The blue series data are the reference results captured using the yzhaon/yzhaon-rax-centile branch. This branch has no rax.c changes and is branched off of the same common ancestor commit of the rax.c commit.
The orange series data are results from yzhaon/yzhaon-rax-centile-alloc branch. This branch contains the size update changes. The branch uses the zmalloc_size function to get the size of a pointer.
The gray series data are also from yzhaon/yzhaon-rax-centile-alloc branch. With the following patch applied:
diff --git a/src/rax_malloc.h b/src/rax_malloc.h
index 357fe0491..cd74c14b3 100644
--- a/src/rax_malloc.h
+++ b/src/rax_malloc.h
@@ -41,5 +41,5 @@
#define rax_malloc zmalloc
#define rax_realloc zrealloc
#define rax_free zfree
-#define rax_alloc_size zmalloc_size
+#define rax_alloc_size raxNodeCurrentLength
#endif
This data uses raxNodeCurrentLength to retrieve the size of a pointer. This is mostly correct as raxNodeCurrentLength is called to calculate the allocation size when creating a rax node. The only exception being when realloc fails while running raxRemove. We can choose to patch this case explictly if we decide to use raxNodeCurrentLength as the sizing function.
The raxFind chart is used as a baseline for the benchmark. Since the total rax size isn't touched in the raxFind code. The results from all three runs should be the same.
The raxInsert chart shows a significant increase for the orange series data.
The zmalloc data shows a 10% to 20% time increase compared to the reference. The tail data size time for 16777216 has an 10% increase over reference. The max time increase of 20% happens for the 8192 data size over reference.
The raxNodeCurrentLength data shows a 3% to 7% increase compared to reference. The tail data size time for 16777216 has an 3% increase over reference. The max time increase of 7% happens for the 4096 data size over reference.
The raxRemove data is a bit confusing. The percent increase between zmalloc to reference and raxNodeCurrentLength to reference are both not really significant and within an margin of error.
Comparing zmalloc to reference there is about 0% to 11% time increase. Excluding the one occurrence of 8192 which is an 46% increase. The tail data size time for 16777216 is almost equal to reference The biggest time increase is 11% for the data size 1024.

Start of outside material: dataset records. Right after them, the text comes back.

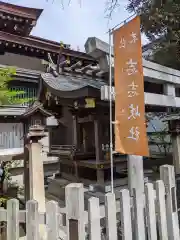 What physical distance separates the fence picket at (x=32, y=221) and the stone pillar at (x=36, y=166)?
240 cm

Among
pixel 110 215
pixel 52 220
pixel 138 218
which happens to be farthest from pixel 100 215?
pixel 52 220

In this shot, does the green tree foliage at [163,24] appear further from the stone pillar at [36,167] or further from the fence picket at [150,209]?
the fence picket at [150,209]

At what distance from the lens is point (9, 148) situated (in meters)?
7.86

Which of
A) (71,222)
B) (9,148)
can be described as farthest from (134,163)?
(9,148)

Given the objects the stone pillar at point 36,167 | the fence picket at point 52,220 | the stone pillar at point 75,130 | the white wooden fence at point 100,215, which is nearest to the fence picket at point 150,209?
the white wooden fence at point 100,215

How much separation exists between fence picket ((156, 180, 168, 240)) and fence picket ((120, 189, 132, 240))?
1.26 feet

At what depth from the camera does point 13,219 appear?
1924 mm

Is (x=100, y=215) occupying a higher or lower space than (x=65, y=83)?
lower

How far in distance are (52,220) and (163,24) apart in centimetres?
614

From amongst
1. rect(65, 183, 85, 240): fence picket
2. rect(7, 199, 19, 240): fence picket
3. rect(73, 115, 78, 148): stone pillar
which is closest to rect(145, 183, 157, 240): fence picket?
rect(65, 183, 85, 240): fence picket

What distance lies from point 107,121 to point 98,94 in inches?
54.7

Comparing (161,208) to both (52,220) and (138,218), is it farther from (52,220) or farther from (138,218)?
(52,220)

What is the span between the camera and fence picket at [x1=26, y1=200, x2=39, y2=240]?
1755 mm

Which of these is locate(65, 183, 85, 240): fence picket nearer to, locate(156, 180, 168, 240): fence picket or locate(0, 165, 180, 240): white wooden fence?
locate(0, 165, 180, 240): white wooden fence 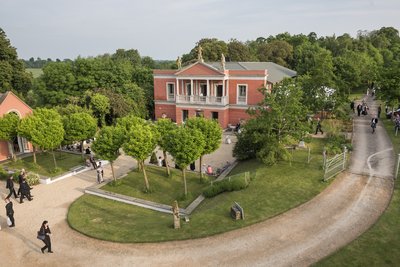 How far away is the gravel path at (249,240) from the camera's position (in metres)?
12.1

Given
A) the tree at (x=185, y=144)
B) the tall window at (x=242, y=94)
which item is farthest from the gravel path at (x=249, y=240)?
the tall window at (x=242, y=94)

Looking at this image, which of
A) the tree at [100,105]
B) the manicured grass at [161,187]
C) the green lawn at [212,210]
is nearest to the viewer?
the green lawn at [212,210]

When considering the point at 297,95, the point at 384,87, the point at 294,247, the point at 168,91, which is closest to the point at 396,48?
the point at 384,87

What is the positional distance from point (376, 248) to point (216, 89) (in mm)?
29702

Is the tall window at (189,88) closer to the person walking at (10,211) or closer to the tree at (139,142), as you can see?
the tree at (139,142)

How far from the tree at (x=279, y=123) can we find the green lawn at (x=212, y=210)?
109cm

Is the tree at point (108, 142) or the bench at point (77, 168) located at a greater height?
the tree at point (108, 142)

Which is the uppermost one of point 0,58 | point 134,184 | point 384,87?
point 0,58

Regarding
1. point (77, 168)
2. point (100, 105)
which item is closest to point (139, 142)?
point (77, 168)

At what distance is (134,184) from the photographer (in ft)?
73.9

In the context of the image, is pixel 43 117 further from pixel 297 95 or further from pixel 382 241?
pixel 382 241

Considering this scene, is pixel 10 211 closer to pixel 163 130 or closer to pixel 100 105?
pixel 163 130

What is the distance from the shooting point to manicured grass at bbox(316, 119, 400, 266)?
440 inches

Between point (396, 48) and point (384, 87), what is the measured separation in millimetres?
50633
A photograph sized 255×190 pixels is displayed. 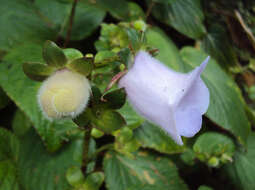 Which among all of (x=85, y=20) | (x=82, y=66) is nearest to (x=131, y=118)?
(x=82, y=66)

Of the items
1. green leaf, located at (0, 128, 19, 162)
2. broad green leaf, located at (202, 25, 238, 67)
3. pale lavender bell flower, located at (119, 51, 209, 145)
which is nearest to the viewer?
pale lavender bell flower, located at (119, 51, 209, 145)

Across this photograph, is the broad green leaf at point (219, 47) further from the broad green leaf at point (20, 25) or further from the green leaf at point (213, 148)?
the broad green leaf at point (20, 25)

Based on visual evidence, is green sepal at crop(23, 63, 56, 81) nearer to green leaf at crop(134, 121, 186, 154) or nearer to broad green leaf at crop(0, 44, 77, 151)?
broad green leaf at crop(0, 44, 77, 151)

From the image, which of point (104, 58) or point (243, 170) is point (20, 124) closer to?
point (104, 58)

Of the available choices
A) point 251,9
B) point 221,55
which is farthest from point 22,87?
point 251,9

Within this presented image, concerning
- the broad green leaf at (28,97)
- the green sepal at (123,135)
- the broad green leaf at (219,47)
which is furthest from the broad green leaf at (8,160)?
the broad green leaf at (219,47)

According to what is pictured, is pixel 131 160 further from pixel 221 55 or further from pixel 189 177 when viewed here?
pixel 221 55

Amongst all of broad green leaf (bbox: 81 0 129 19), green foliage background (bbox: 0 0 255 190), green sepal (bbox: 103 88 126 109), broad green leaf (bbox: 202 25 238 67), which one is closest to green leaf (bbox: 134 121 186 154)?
green foliage background (bbox: 0 0 255 190)

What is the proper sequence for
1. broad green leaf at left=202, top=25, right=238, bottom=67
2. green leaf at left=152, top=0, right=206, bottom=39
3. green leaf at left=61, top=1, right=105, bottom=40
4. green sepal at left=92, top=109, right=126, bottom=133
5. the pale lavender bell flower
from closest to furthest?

The raxNodeCurrentLength data mostly showed a performance improvement compared to reference. Not exactly sure why here.
In my opinion, the results from using zmalloc_size are not bad. If we are concerned here we can go with the raxNodeCurrentLength approach and manually fixup the realloc size difference in raxRemove.
Comment From: oranagra
@yzhaon thank you for this detailed benchmark. sorry for responding so late, we were all very busy with redis 7.0 features that must have been completed before the release. now that it's over, we can focus on smaller changes and fixes like this one.
I agree performance loss from using zmalloc_size isn't very high.
i don't think the raxNodeCurrentLength approach is valid, specifically because it doesn't include internal fragmentation.
but maybe you can try benchmarking one more alternative?
instead of calling zmalloc_size we can use zmalloc_usable, which does both the allocation and returns the size, without an additional call.
The reason it isn't as simple as it sounds is that "usable" in actually not what we want, since it's equivalent to zmalloc_usable_size, which could be different than zmalloc_size.
so if we'll want to proceed in this direction, we'll need to add PREFIX_SIZE in some way (we can worry about that later).